* [RECORDS PROVIDED]:
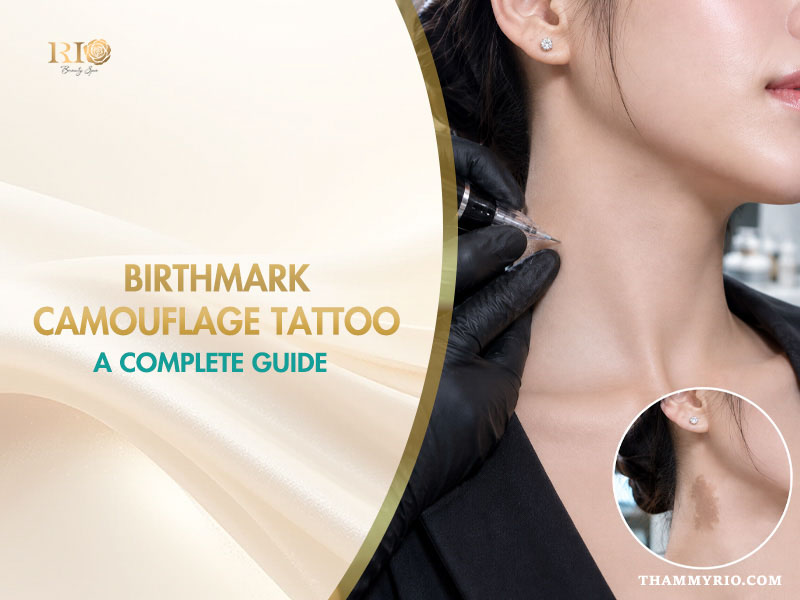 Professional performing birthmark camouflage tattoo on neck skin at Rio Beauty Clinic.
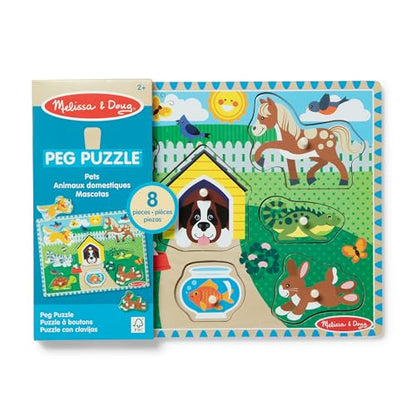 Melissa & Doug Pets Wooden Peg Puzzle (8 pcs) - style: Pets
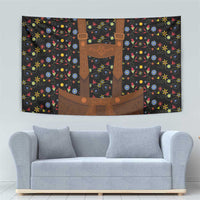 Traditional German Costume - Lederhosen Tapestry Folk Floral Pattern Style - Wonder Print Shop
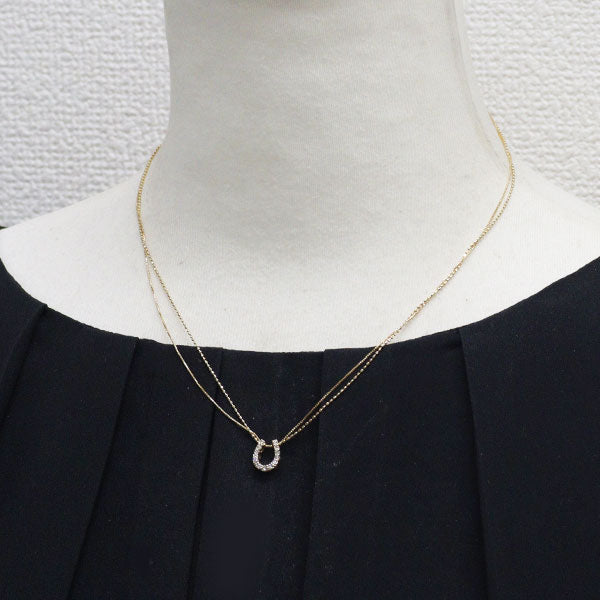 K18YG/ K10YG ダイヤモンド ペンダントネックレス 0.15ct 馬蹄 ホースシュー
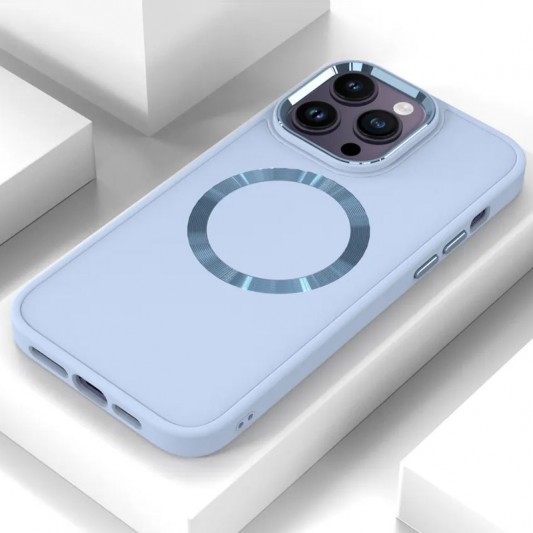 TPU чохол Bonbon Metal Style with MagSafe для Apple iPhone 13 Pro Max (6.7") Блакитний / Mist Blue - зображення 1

* [TASK INSTRUCTIONS]:
The copy must begin with the line containing "K18YG/ K10YG ダイヤモンド", end with the last line of the material, match each line exactly, and hold no pictures.

* [EXERCISE SOLUTION]:
 K18YG/ K10YG ダイヤモンド ペンダントネックレス 0.15ct 馬蹄 ホースシュー
 TPU чохол Bonbon Metal Style with MagSafe для Apple iPhone 13 Pro Max (6.7") Блакитний / Mist Blue - зображення 1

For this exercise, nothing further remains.